さらに、「L台の予め指定された排気装置」としての真空ポンプ2bが「第3の回転数」としての「第1の回転数」である30%の回転数で動作している状態(排気量Abの状態で空気を排気している状態)において排気量をさらに低減させる必要があるときには、「L台の排気装置以外の排気装置のうちの第3の回転数で動作している1台」としての真空ポンプ2cを停止させると共に、真空ポンプ2aの回転数を100%の回転数に維持しつつ、真空ポンプ2bの回転数を60%の回転数に上昇させる制御(第2の処理)が実行され、その後に、真空ポンプ2bの回転数を必要とされる排気量に応じて徐々に低下させる制御が実行される(排気量Abから排気量Acまでの範囲)。

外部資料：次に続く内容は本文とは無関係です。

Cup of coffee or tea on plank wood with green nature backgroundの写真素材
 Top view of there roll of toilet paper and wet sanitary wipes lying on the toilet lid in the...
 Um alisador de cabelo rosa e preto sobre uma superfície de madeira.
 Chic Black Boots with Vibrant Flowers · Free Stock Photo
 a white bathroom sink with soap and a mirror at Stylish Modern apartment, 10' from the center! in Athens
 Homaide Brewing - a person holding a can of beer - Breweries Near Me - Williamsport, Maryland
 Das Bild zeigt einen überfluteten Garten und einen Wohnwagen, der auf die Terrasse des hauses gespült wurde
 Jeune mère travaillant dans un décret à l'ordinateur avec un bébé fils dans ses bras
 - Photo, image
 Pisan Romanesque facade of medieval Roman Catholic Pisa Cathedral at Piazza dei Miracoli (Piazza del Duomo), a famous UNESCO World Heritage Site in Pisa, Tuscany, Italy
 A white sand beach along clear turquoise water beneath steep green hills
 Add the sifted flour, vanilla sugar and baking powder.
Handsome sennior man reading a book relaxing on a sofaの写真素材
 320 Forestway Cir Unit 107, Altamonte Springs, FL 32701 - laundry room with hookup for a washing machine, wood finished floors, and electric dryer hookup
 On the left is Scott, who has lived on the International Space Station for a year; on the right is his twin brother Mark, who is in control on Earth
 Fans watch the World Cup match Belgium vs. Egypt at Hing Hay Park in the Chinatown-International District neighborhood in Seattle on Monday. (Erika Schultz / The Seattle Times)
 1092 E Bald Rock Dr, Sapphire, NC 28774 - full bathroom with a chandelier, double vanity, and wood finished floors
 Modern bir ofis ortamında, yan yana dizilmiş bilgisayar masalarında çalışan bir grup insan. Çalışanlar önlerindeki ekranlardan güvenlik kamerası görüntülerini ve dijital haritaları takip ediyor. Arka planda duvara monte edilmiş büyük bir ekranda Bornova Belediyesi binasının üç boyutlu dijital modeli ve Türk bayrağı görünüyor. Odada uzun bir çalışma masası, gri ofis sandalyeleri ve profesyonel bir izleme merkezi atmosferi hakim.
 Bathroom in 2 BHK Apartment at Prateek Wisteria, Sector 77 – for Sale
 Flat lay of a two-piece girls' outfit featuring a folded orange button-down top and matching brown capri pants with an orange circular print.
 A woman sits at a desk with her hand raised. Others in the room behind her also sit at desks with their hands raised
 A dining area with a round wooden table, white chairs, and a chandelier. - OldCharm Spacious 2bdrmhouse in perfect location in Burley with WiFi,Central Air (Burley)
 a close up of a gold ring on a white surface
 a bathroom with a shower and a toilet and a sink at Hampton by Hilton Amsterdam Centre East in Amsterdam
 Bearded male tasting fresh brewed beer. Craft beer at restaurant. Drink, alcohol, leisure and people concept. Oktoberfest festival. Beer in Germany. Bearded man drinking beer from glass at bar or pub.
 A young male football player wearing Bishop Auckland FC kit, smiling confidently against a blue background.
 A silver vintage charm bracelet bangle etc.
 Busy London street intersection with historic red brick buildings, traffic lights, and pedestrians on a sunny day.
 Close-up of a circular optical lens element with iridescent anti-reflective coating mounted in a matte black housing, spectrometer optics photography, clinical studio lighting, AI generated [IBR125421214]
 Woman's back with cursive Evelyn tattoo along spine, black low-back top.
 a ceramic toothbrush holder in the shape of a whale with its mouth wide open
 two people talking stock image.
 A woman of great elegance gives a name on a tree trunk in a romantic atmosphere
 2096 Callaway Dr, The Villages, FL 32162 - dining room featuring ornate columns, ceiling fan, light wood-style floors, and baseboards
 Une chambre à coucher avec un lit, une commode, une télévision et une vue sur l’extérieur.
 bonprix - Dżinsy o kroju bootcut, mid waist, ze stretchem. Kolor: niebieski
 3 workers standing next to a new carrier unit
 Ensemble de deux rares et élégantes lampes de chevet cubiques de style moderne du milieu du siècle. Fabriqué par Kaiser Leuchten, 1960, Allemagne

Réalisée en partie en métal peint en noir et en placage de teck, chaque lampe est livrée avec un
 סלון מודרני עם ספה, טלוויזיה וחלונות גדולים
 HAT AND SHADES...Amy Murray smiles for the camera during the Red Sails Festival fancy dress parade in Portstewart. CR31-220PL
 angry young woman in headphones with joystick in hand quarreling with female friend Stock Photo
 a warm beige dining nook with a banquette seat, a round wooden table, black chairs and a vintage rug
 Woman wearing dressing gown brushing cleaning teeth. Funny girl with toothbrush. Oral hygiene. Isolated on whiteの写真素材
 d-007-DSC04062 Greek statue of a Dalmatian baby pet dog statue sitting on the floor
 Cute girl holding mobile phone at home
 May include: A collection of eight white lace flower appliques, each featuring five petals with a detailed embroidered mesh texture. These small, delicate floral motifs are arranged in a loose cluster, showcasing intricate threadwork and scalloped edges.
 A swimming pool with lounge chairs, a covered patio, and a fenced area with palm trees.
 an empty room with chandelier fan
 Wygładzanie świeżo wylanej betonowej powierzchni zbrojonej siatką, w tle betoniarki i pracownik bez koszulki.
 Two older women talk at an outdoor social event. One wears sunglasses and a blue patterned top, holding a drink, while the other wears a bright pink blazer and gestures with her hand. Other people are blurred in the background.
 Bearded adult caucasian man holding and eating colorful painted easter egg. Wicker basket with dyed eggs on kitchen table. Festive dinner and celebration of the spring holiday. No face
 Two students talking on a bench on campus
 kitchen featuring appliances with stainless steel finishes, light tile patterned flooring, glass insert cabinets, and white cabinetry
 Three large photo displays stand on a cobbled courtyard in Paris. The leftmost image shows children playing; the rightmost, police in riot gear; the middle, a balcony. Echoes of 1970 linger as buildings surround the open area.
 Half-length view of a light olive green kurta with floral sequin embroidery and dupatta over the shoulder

また、「L台の予め指定された排気装置」としての真空ポンプ2bが「第3の回転数」としての「第1の回転数」である30%の回転数で動作している状態(排気量Acの状態で空気を排気している状態)において排気量をさらに低減させる必要があるときには、真空ポンプ2bの回転数を30%の回転数に維持すると共に、真空ポンプ2aの回転数を必要とされる排気量に応じて徐々に低下させる制御が実行される(排気量Acから排気量Adまでの範囲)。なお、排気量Adから排気量Ae(A0)までの範囲内の排気量のときには、図3の左図における排気量Abから排気量Ac(A0)までの範囲内の態様と同様の制御が実行されるため、説明を省略する。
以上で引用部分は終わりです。